CRISE ?
Serait-ce qu’en ces temps d’inquiétude obligatoire devant les cataclysmes annoncés – économiques, sanitaires – les gens se tournent vers les nourritures spirituelles ? En tout cas, l’édition phonographique ne se porte pas mal, et quelques disques témoignent, en cette rentrée, de sa vitalité et de sa capacité, inattendue, à se renouveler.
Deux pianistes
Piotr Anderszewski, bien connu des festivaliers, est un des rares pianistes qui sache combiner originalité d’interprétation et fidélité à la partition, comme dans sa version mémorable des Partitas de Bach commentées jadis dans ces colonnes1. C’est précisément avec la 2e Partita que s’ouvre l’enregistrement live de son concert récent à Carnegie Hall2, qui comporte également Carnaval de Vienne de Schumann, la Sonate opus 110 de Beethoven, Dans les brumes de Janacek, et Trois Danses hongroises du district de Csik, de Bartok. Ce type de programme éclectique permet de découvrir des pièces peu jouées que l’on n’irait pas rechercher ailleurs. Ici, outre le Carnaval de Vienne, brillant et moins intimiste et aussi moins connu que le Carnaval de Schumann, et enlevé avec un brio un peu distant, c’est la suite Dans les brumes qui vaut la découverte, la dernière des rares pièces pour piano de Janacek. Le meilleur du concert reste la 2e Partita, de toute évidence l’aboutissement d’un long travail de réflexion et de mise au point, superbe.
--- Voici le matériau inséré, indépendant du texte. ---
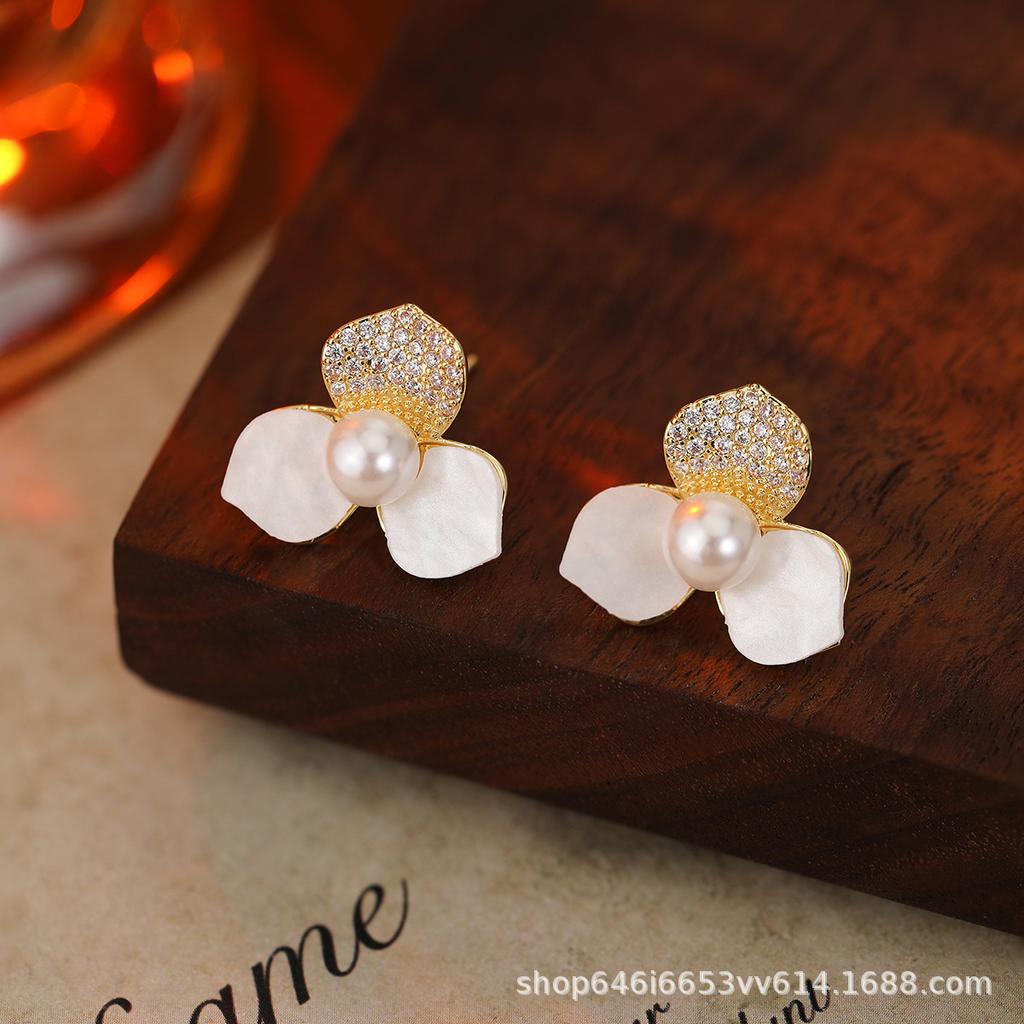 Silver Needle Diamond Stud Earrings Elegant Temperament Light Luxury High Sense Simple Versatile Earrings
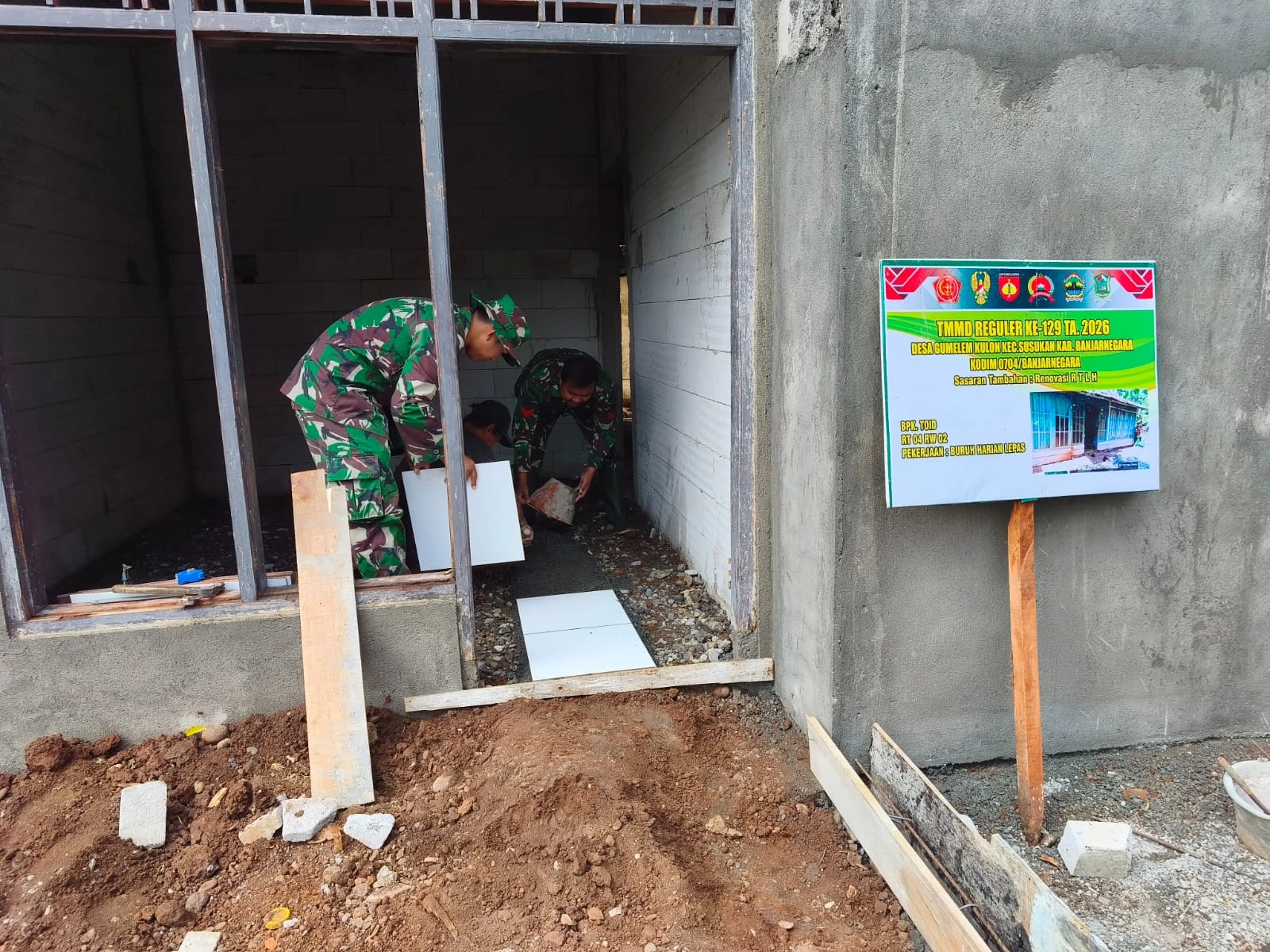 Cara Membersihkan Lantai Keramik Kamar Mandi yang Menguning Secara Alami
Le pianiste suédois Daniel Propper, spécialiste de la musique scandinave, a enregistré les Pièces lyriques (cahiers 8 à 10) et Impressions3 d’Edvard Grieg, montrant que la musique de ce dernier ne se réduit pas à son archi-joué Concerto pour piano. Ce sont des pièces épurées et un peu austères, pour la plupart d’inspiration folklorique, et qui témoignent de l’enracinement de Grieg à la fois dans le XIXe siècle et dans la tradition des Lumières du Nord.
Pergolèse par Abbado
La musique de Pergolèse, étoile filante dans la galaxie de la musique italienne du XVIIIe siècle (mort à 26 ans en 1736), est plus originale que celle du prolifique Vivaldi. On connaît sa Sonate pour violon dont Stravinski a tiré sa Suite italienne et le ballet Pulcinella, et on commence à connaître son Stabat Mater, que Claudio Abbado vient d’enregistrer avec son Orchestre Mozart et deux extraordinaires solistes, la soprano Rachel Harnisch et la contralto Sara Mingardo, ainsi que le Salve Regina avec la non moins extraordinaire soprano Julia Kleiter4. L’originalité de l’enregistrement d’Abbado, aussi précis et exigeant dans Pergolèse que dans Mahler, réside dans l’effectif réduit de l’orchestre (18 musiciens) et la transparence, la clarté qui en résultent. Le disque comporte en outre le premier enregistrement mondial du Concerto pour violon de Pergolèse avec, en soliste, Giuliano Carmignola, concerto plus classique, mais que l’on peut préférer à bon droit à ceux de Vivaldi.
Du tango au Dixieland
Le tango, à l’origine musique de bastringue, se joue aujourd’hui en grand orchestre symphonique (Barenboïm) et en musique de chambre (Kremer). C’est ainsi que le duo Cordes et Âmes – Sara Chenal, violon, et Olivier Pelmoine, guitare – a enregistré l’Histoire du Tango de Piazzolla, la Suite Buenos Aires de Pujol, et les Dances in a Madhouse du Californien Leisner5. C’est enlevé avec un brio communicatif, et aussi avec une précision et une rigueur technique qui font de ces pièces, déjà elles-mêmes des compositions très travaillées, des évocations au second degré, conférant au tango un subtil certificat de moralité.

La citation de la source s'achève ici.